Search code examples
assemblygccclangx86-64addressing-mode

Why do GCC and Clang stop using RIP relative loads for arrays bigger than 16MB?


My understanding is that RIP relative addressing should work for offsets up to 2GB in size, but for some reason GCC (14.2) and Clang (19.1.0) stop using it when grabbing values more than 16MB away.

Given this code:

const int size = 1 << 22;

int small_array[size];

// 6 byte mov
int load_small_arry() {
    return small_array[(sizeof(small_array)/sizeof(int)-1)];
}

int big_array[size + 1];

// 5 byte mov + 6 byte mov in clang
// 9 byte mov in gcc
int load_big_arry() {
    return big_array[(sizeof(big_array)/sizeof(int)-1)];
}

I get this assembly from GCC (see clang results in godbolt link, different but still switches away from rip relative):

load_small_arry():
 mov    eax,DWORD PTR [rip+0x0]        # 6 <load_small_arry()+0x6>
    R_X86_64_PC32 small_array+0xfffff8
 ret
 nop    WORD PTR [rax+rax*1+0x0]
load_big_arry():
 movabs eax,ds:0x0
    R_X86_64_64 big_array+0x1000000
 ret

This is a larger encoding so I'm not sure why it would be preferred.

Godbolt link


Solution

  • The relevant code in GCC is here. It seems it's not really specific to RIP-relative addressing. The more general rule is that GCC assumes a value of the form static_label + constant_offset is encodable as a signed 32-bit immediate only when constant_offset < 16MB. There's a comment:

    For CM_SMALL assume that latest object is 16MB before end of 31bits boundary.

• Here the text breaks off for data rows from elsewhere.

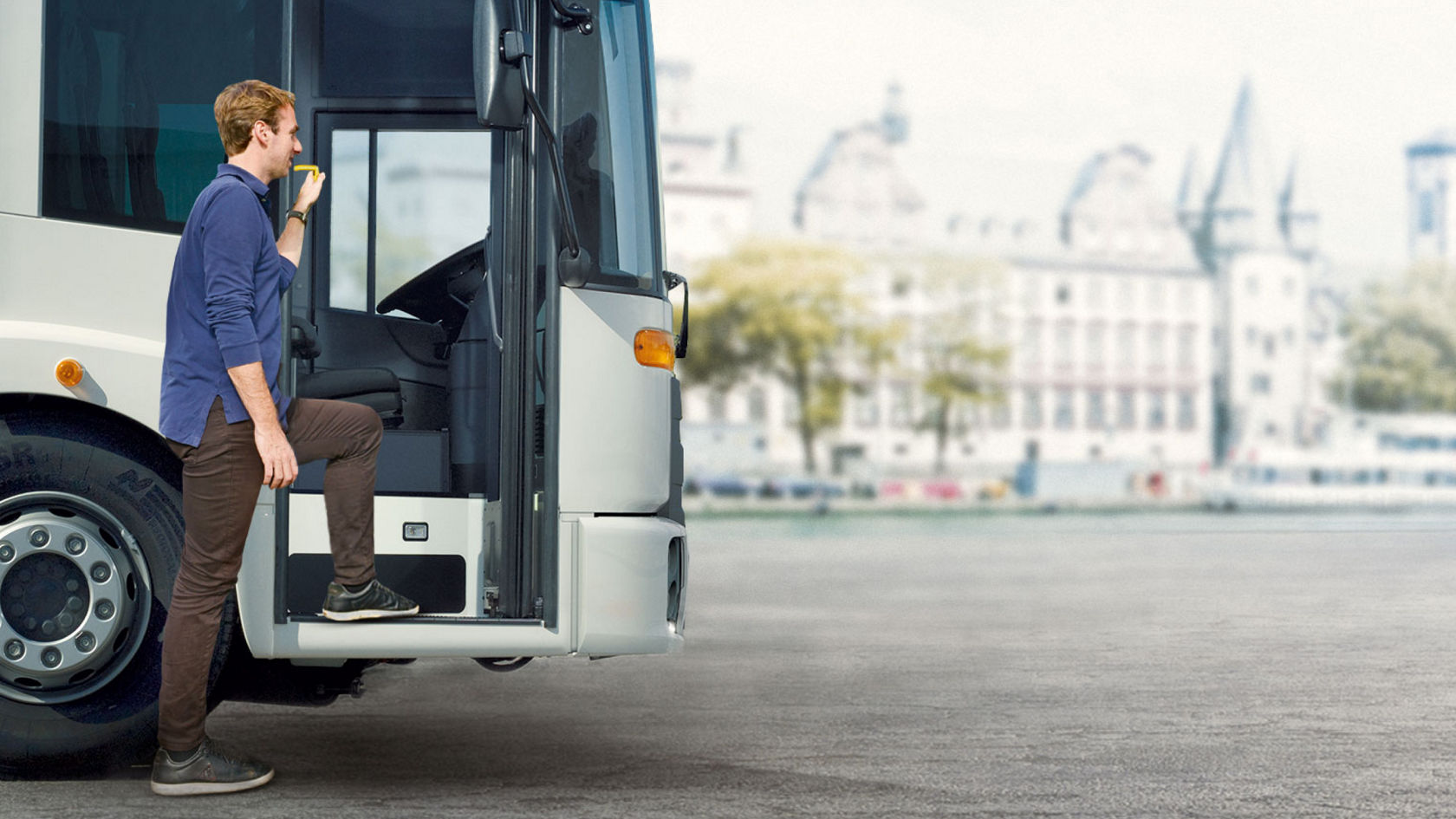 Un homme en chemise bleue et pantalon marron monte dans un Econic côté passager. Le camion se trouve sur une place asphaltée, un décor urbain est visible dans un arrière-plan flou.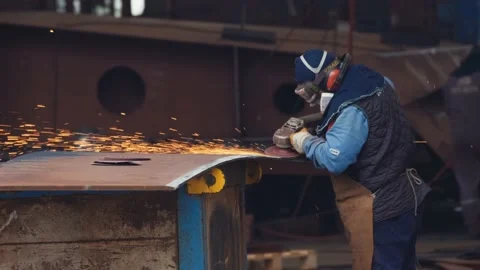 Wide shot of unrecognizable shipyard worker wearing helmet, welding new Stock Footage 219457781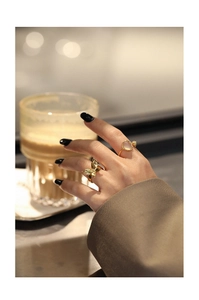Detailed shot of a gold butterfly ring and a minimalist stone ring on a hand
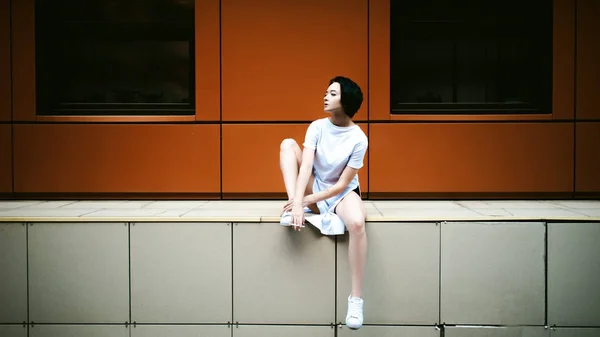 Jeune femme aux pieds nus vêtue de baskets blanches et d'un long T-shirt, fume une cigarette sur fond de paysages urbains. Mode de rue — Photo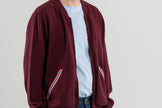 Side view of man wearing unzipped burgundy cardigan with striped ribbon trimmed pockets over light blue tee-shirt, jeans, sneakers and plain background.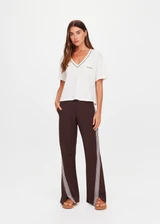 THE UPSIDE women’s natural Elina V Neck Tee is a boxy-fit style featuring a mini chest patch pocket and ribbed neckline with chocolate piping. Made for lifestyle.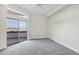 Bedroom with carpet and balcony access; great views and ample space for customization at 945 E Playa Del Norte Dr # 5005, Tempe, AZ 85288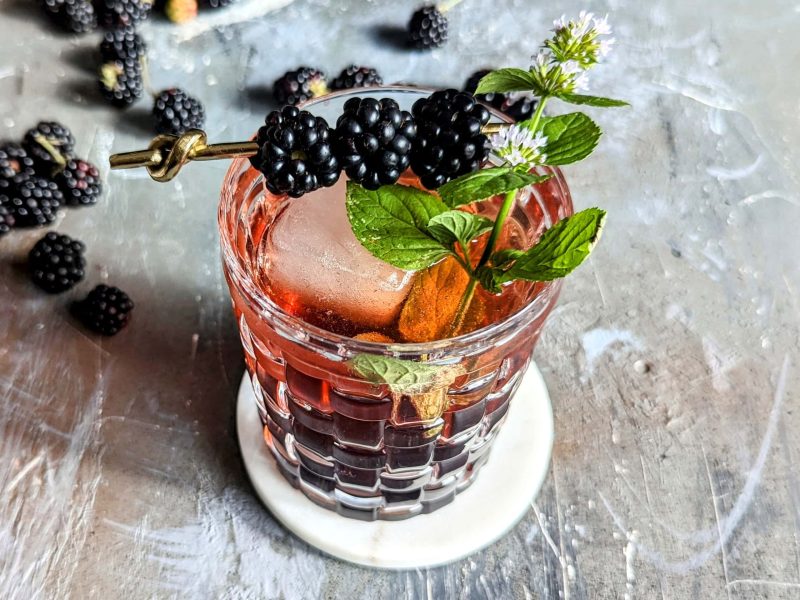 Ein Glas mit dem Brombeer-Smash auf Steinuntergrund. Daneben ein paar Brombeeren und ein kleiner Teil einer Flasche mit Bourbon zu sehen. Alles von oben nach schräg unten fotografiert.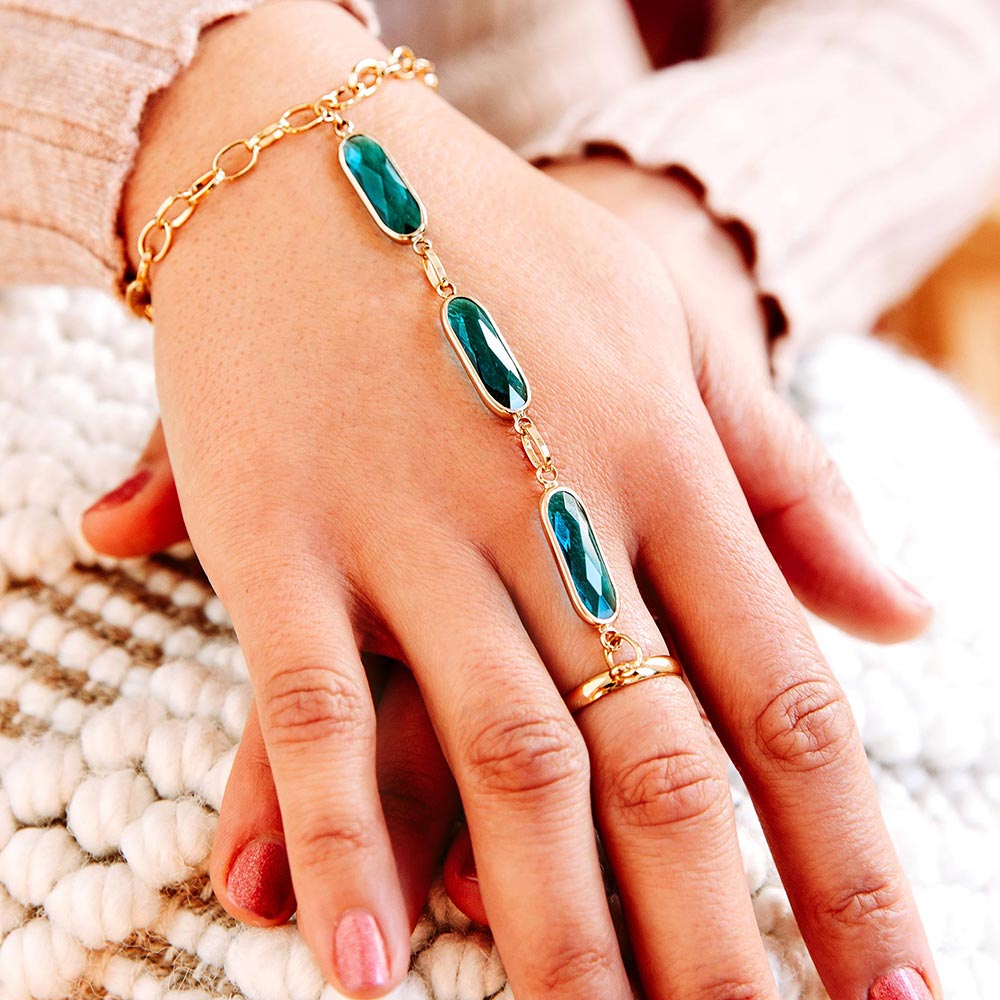Azaria gold bracelet ring chain teal on right hand close up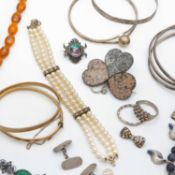 A selection of silver, gold-cored metal, and bead jewellery items.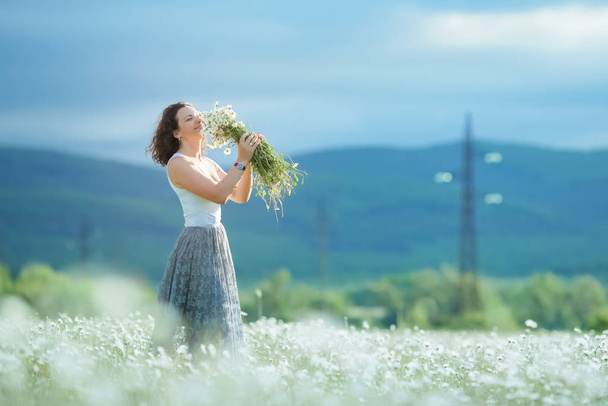 The woman in the agricultural field with white daisies - Foto, immagini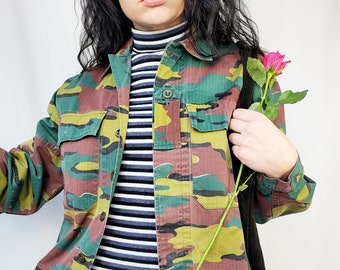 May include: A green, brown, and yellow camouflage jacket with a black and white striped turtleneck shirt and a black and red plaid skirt.
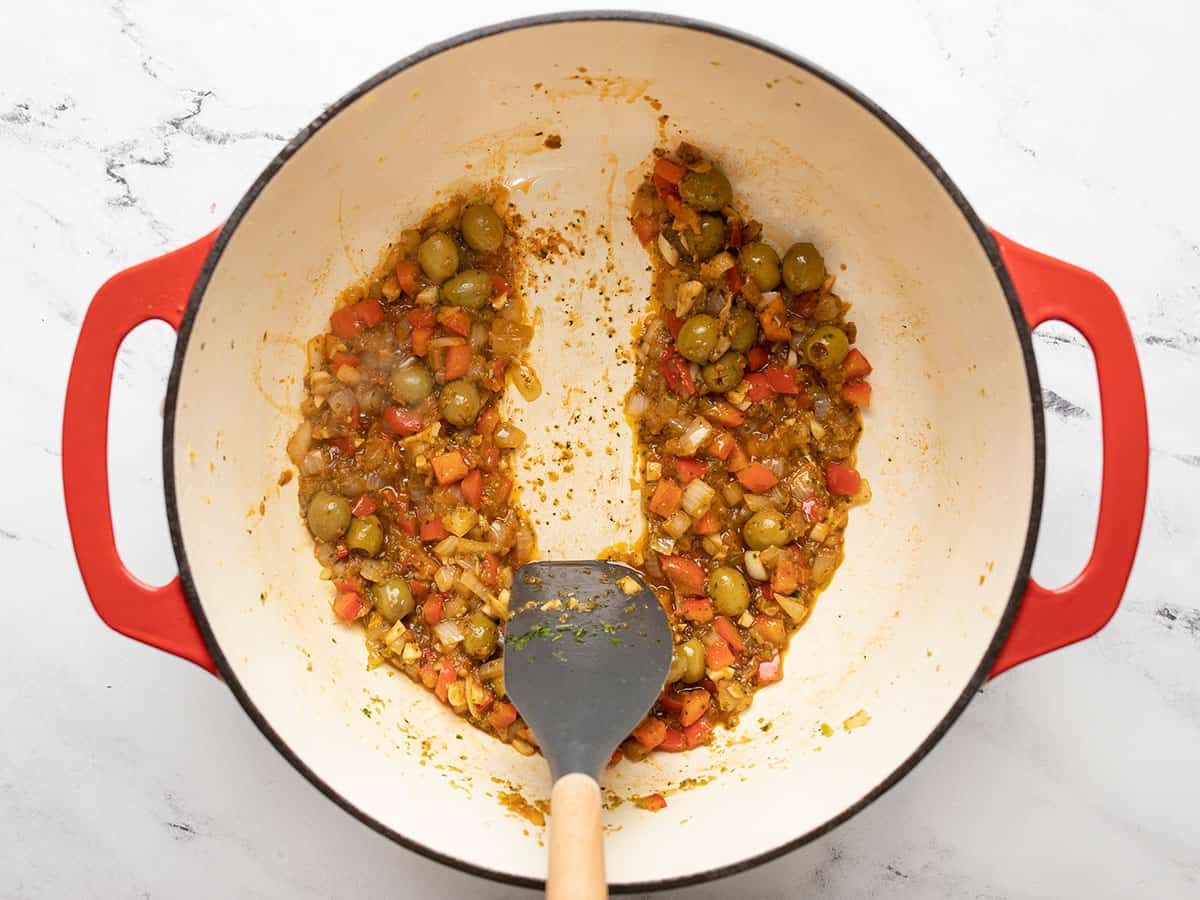 Spatula cutting through ingredients in a red Dutch oven.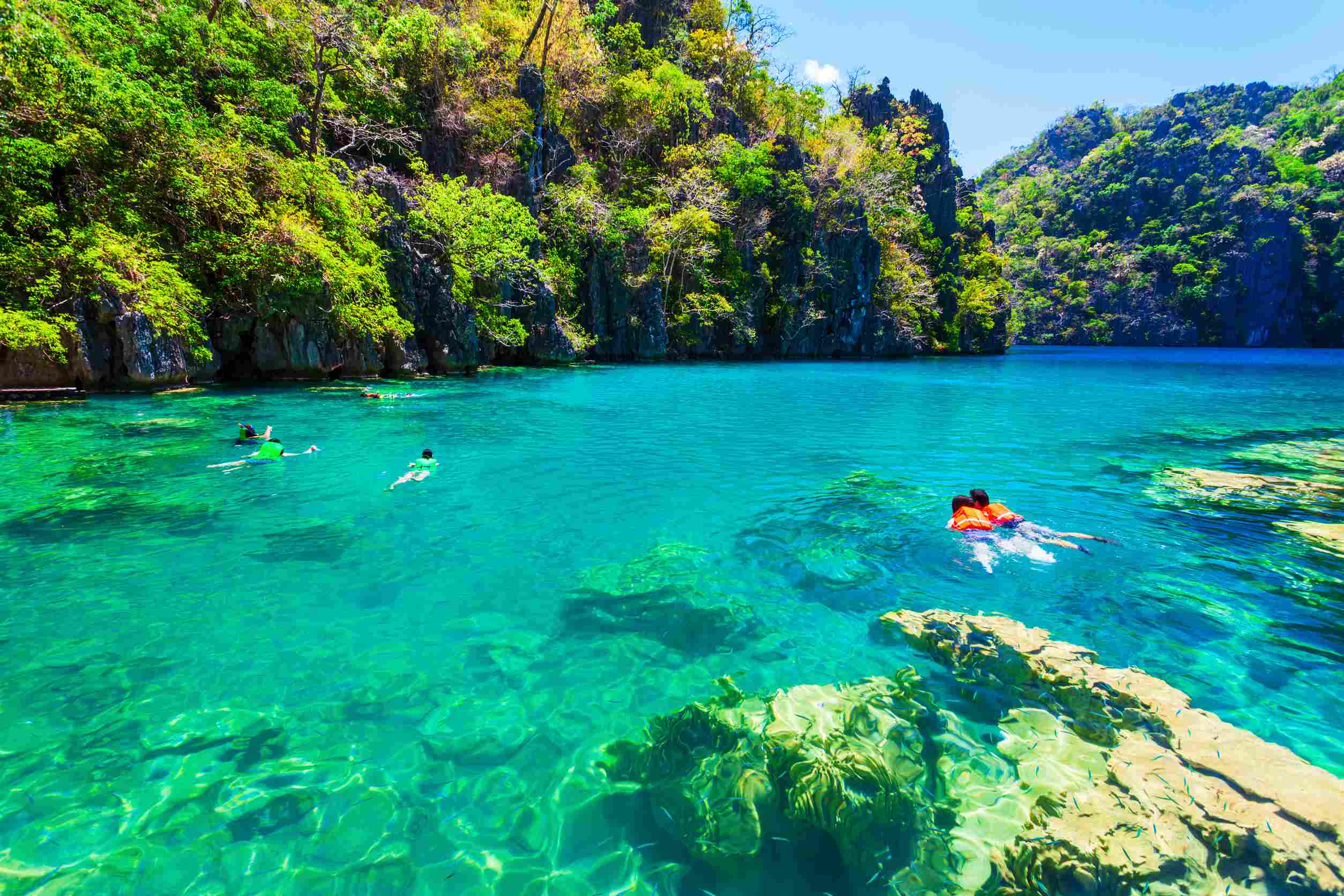 Tourists enjoy on Barracuda Lake in Coron Island, Philippines Tourists enjoy on Barracuda Lake in Coron Island, Philippines
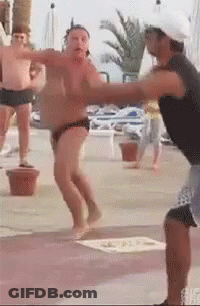 A Man In A Black Tank Top Is Standing Next To A Man In A White Hat . GIF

    It looks like the idea is that they want to support the use of pointers like static_label + constant_offset even when the result exceeds the 2 GB limit. In the small code model, static_label is known to be within that limit, and they assume further that it's at least 16 MB from the end. But if constant_offset is larger than 16 MB, they no longer trust that the result will fit in a signed 32-bit immediate, and fall back to code that doesn't need it to.

    This situation couldn't arise in well-defined ISO C or C++ code, because you're only allowed to do pointer arithmetic within a single array, and if the array is static, then all of it fits within 2 GB. But maybe they want to support it anyway as an extension of sorts, for compatibility with some code that needs it, or maybe it's permitted in one of the other languages that GCC supports (remember this is in the backend which is used by all the language front-ends).